Happy update!
Here's chapter 4 for you guys!!Liz's POV
When my alarm clock went off , I smacked the damn thing against the wall. I heard my mom call me from downstairs, but I just didn't want to get up. The events of last night played trough my head and I felt sick just thinking about seeing Tessa today.
When I finally got up, I decided I would hop in the shower just for a minute. I pulled my hair in a ponytail and put on some light make-up before changing into a white t-shirt with ripped jeans and black vans.
"Goodmorning honey." My mom said as soon as I entered the kitchen. "Sleep well?"
"I slept fine, a little too short maybe." I answered and she shook her head.
"I heard you come in at six I think? I thought I heard a boy's voice, did I get that right?"
"Harry dropped me off."She looked at me the way all mothers look at their daughters while talking about a boy.
I groaned and she got the message that I didn't want to think about that. I just wanted to ignore all things about Harry or Tessa. I just hoped both would leave me alone today.
"The assembly is today." I whispered but my mom heard me.
"Ah yes, are you going to speak? I know he would be proud if you did." She said.I immediately felt guilt. I know Dan would've been proud of me but I just couldn't bring myself to speaking about him in front of 500 people.

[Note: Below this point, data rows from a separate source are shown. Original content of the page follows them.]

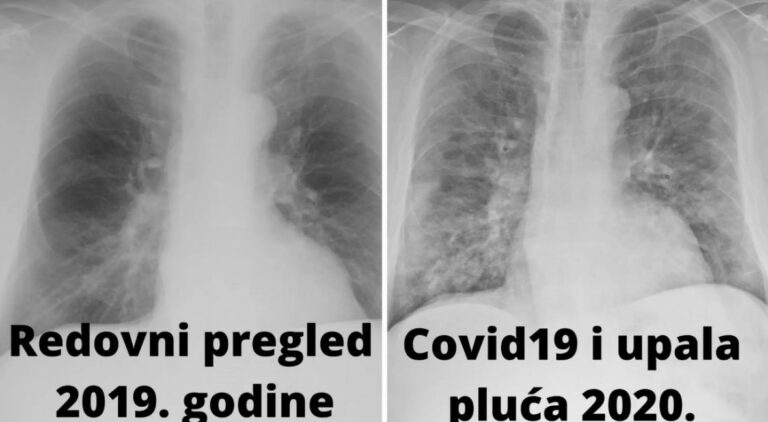 Korona mu uništila pluća: Prošle godine su bila čista, posljedice su trajne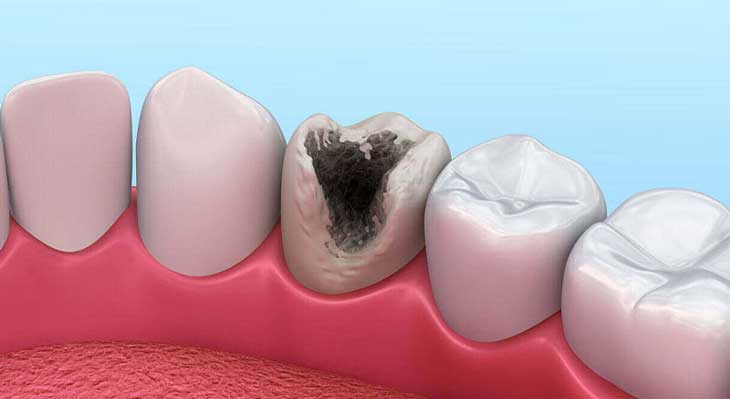 پوسیدگی دندان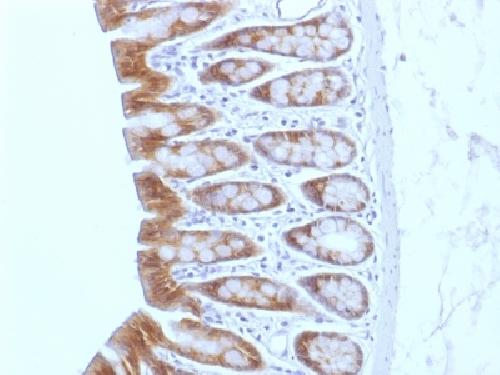 CTNNB1 Antibody
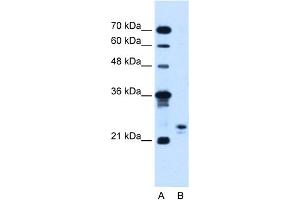 Image no. 1 for anti-Motile Sperm Domain Containing 3 (MOSPD3) (C-Term) antibody (ABIN2782063)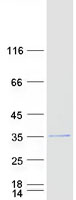protq6ue05 wbs28 wbscr28 human recombinant protein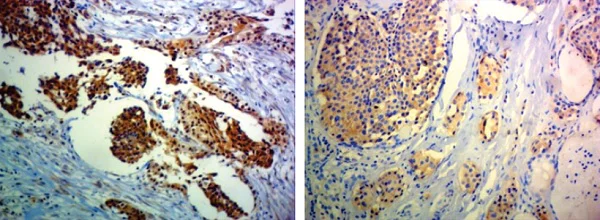 Immunohistochemistry (Formalin/PFA-fixed paraffin-embedded sections) - Anti-Ret antibody [EPR2871] (AB134100)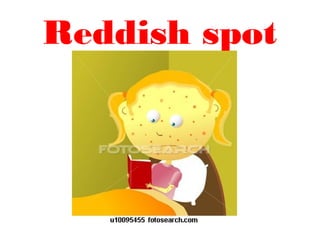 Reddish spot
 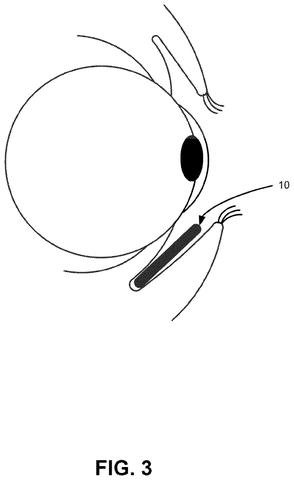 Sensor placement inside lower eyelid, drawing sheet 3 from US 2026/0305985 A1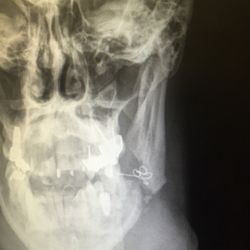 Listiyo Family Dental - Left mandible displaced Fracture from a dentist using a metal tool to clean a gap from a tooth extraction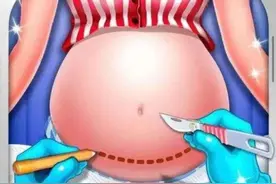 剖腹产到底有多可怕？来看打针都哭的喔喔妈妈怎么说？图片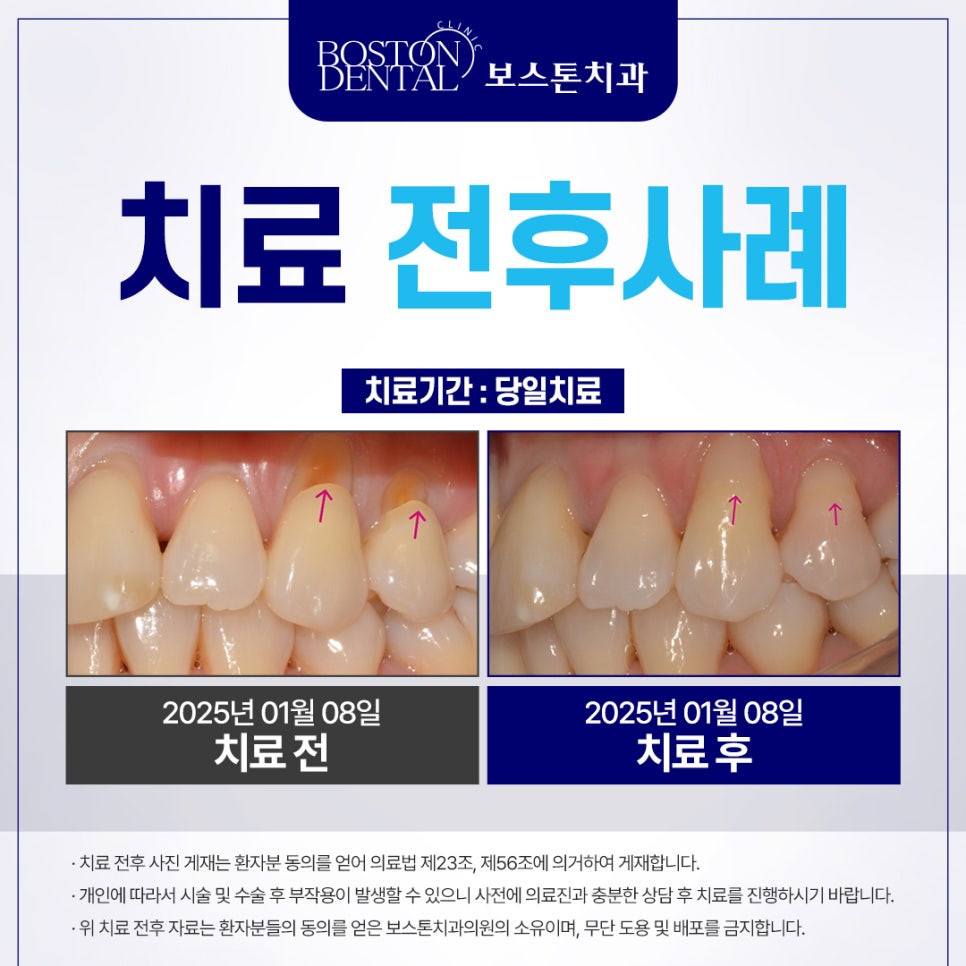 종로치과 치아 마모 때문에 이가 너무 시려요! 관련 이미지 4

Hell, I couldn't even bring myself to speak about him in front of my friends.His death during the summer made my turn to the dark side of my own mind. I didn't enjoy myself anymore like I used to, I didn't have fun or talked to anyone like I used to.
And then there was Harry.
He broke up with me during the summer, exactly six days after Dan died. He cheated on me.I couldn't feel the pain like I should feel it. That confession just broke me. And the one person I could talk to about it, was passed away.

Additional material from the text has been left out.